The field of media law, evolving in the wake of new technologies and the prevalent use of social media, holds a lot of promise for its practitioners, as it places its enthusiasts in a field where the law grows along with the technology.
This opportunity has resulted in individuals like Moses Olanrewaju, a law graduate and media/IP enthusiast, carving a niche for themselves in the field. Olanrewaju believes that the media law practice in African countries like Kenya, Ghana and South Africa holds great promise. “I think the prospects of media law in Africa is simply that we have a future where media law would be like the additive that every lawyer wants to add to their name. The prospects are huge and can be tapped into if governments can optimize their different laws to serve the needs of the media ecosystem in their respective countries.”

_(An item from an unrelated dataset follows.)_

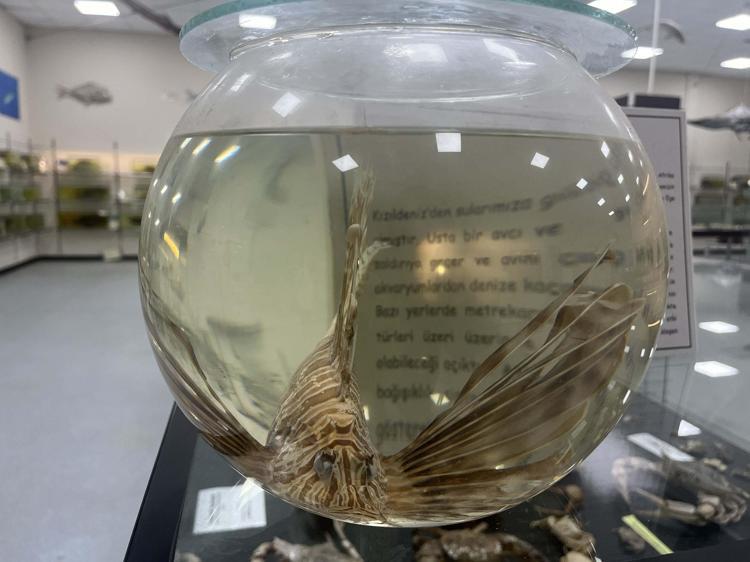 YERLİ TÜRLERİMİZİN AZALMASI YABANCI TÜRLERİN ARTIŞINA NEDEN OLUYOR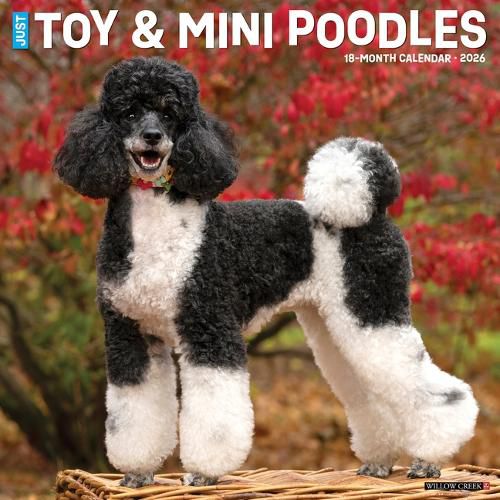 Cover image for Toy & Miniature Poodles 2026 Wall Calendar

Olanrewaju, who developed an interest in the field due to its drive towards technology and creativity, mentioned that laws regulating the field need to be expanded and some areas in this field need reformation. “One thing that should be reformed in media law practice is that there is a Copyrights Bill that has been in front of the (Nigerian) senate since 2018 that hasn’t yet been assented by the president and it keeps the media industry in limbo. Of course, laws are made because of the perceived change they should serve. In this instance, the change that the bill envisages is to eliminate piracy through enabling ISP providers to track illegal downloads. However, it is unenforceable because it hasn’t been passed. When the bill is passed, other innovations would be in the mainstream, thereby enhancing the growth in the field.”
Media law – which includes regulating fields like music, technology, journalism, communications, data security and intellectual property – offers viable career prospects for individuals with an interest in policy/legislative framework, social media management, journalism, corporate practice, litigation, legal writing, lotteries promotion, media businesses and academia.
Abdulwasiu Olokooba, a law student in Nigeria who combines his passion for media law with journalism, explained that his enthusiasm in the field relates to his “passion in ensuring justice and being the voice of the suppressed”.
“Media law practice will be more developed and consolidated in (the next) five years than what is currently obtainable,” said Olokooba. Enthusiasts in the field are now realizing the extent of the connection between law and the media. For instance, in Nigeria, there is an urgent need for the enactment of laws to aid the development of the field. One of the laws I am anticipating is the Digital Rights and Freedom Bill that has been with the National Assembly since 2020. I think if the legislation is passed into law it would enhance the media law practice because we have to realize the world is turning digital. If online dealings are taking over (from) human interactions and there are no laws to guide these developments, the field will be stuck.”